James Bodden, the student supervisor of elections, worked 25 hours a week for the elections for the past month. He kept the candidates and the election on target for a smooth process. The real work came with convincing students to vote.
“It can be frustrating, when we’re out 12 hours a day, 4 days a week and students just don’t respond.” Bodden said. “Or yell things like, ‘I don’t believe in democracy!’ and ‘I’m a Communist!’”
There were 13 Senate positions open and 35 candidates. Students voted for candidates in their own college only. The voting system leaves room for undecided majors or a double majors. Undecided students may choose a senator from the college of their choice. Double majors choose one college from the two.
Despite the fact that Student Government controls millions of dollars in student fees, it appears that many USF students do not see these elections as important.

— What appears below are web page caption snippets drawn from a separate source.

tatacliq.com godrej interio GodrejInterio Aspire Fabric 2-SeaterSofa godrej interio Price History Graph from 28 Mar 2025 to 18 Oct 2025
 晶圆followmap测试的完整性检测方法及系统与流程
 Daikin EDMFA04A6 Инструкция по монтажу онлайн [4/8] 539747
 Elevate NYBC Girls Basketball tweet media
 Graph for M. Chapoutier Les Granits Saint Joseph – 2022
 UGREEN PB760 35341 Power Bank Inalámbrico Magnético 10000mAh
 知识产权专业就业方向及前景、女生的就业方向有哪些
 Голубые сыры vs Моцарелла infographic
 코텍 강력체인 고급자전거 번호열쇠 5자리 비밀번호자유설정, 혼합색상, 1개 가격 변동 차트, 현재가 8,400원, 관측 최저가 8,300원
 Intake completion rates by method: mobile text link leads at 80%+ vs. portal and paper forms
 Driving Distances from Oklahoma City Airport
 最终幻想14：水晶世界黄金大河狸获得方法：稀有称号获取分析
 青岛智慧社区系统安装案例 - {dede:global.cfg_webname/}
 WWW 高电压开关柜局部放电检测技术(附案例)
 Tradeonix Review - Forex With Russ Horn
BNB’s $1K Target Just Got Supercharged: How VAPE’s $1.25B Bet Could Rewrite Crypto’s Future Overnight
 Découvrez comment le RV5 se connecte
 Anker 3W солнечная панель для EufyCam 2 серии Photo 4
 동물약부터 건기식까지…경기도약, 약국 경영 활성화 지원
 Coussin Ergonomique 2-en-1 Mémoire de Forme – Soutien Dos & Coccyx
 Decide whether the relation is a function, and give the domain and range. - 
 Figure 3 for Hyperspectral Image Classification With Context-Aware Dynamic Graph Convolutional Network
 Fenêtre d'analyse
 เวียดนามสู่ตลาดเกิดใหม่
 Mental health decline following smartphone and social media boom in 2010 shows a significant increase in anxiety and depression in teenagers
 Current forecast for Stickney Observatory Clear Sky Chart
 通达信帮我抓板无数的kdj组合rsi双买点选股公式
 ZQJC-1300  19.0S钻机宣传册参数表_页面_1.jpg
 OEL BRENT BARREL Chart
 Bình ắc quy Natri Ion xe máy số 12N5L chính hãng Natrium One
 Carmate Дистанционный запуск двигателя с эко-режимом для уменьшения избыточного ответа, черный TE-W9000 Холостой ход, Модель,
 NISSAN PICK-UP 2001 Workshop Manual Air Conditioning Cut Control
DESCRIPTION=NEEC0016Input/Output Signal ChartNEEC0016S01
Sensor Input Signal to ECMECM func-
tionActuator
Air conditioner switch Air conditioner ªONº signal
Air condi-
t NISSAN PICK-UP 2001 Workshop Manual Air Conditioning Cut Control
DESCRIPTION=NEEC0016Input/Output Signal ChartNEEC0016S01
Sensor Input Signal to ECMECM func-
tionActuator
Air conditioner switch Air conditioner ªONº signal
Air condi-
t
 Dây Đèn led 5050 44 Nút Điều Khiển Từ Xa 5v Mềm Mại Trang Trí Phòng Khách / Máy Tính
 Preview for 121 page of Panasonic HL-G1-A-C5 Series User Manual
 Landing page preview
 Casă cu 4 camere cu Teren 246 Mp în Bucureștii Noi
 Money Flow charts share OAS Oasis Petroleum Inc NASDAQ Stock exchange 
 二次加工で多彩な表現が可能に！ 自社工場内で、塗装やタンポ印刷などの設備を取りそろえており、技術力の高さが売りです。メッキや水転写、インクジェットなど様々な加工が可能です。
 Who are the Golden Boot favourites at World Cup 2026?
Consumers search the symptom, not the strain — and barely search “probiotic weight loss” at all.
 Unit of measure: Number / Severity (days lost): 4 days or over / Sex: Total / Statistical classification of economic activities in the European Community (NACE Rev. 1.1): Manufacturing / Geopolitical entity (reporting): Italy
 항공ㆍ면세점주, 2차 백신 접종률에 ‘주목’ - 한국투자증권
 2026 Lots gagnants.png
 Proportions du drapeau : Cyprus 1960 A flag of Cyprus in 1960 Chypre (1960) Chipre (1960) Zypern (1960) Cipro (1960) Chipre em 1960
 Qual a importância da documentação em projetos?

“Who the hell cares?” asked Ryan Pettie, a senior and business major.
Student Government tried to fight the low voter turnout this midterm election. Hoping to spark interest in elections, they implemented more polling stations and gave away free T-shirts. Even with those efforts, Student Government recorded 2347 votes in this midterm election. That is only an 8 percent voter turnout.
Out of the 29,310 students at the USF Tampa campus, about 6,000 (or 20 percent) voted in last spring’s general election. That particular election garners more voters than the midterm election because of the strong marketing and many vacant positions, including the presidential position.
Bodden knows the Senate has purpose, though students don’t always recognize the daily happenings of Student Government.
“Senators are important because they are kind of the middleman between the common student and administration,” he says.
This election, there is a question on the ballot asking each voter to respond about the recently enacted 15 percent tuition hike, something that affects all students. This will provide data of student opinion for Student Government to present to administration.
When Student Government confronts questionable decisions, the administration seems to listen. Last year the provost attempted to introduce the Global Experience Fee, which would have cost students $10 each to go towards study abroad scholarships. Student Government brought this to the attention of the Florida Board of Governors, whom decided against the extra charges. The board vote was 4-1.
“These scholarships would not have benefited all students, and they mostly affected need based students.” Bodden said. “It really wasn’t a neutral fee.”
Candidates such as Loren Saunders hit the pavement hard. Saunders, a senior, had her bid in for the College of Arts and Sciences and eventually won her election. You can have found her tacking flyers to walls and talking to students. Look hard enough and you may even see a pale residue from her midnight campaign chalking sessions.
Saunders campaigned because she wants to give back to USF and inform students what Student Government can do for them. You participate in it, and Student Government funds it: USF Homecoming, Safe Team, student organizations, campus recreation, etc.
“We make huge decisions. Big money issues. That makes the difference for all students.” Saunders added that Student Government affects each student and that, “it’s the only foundation to actually make big change in the way things are run through the school.”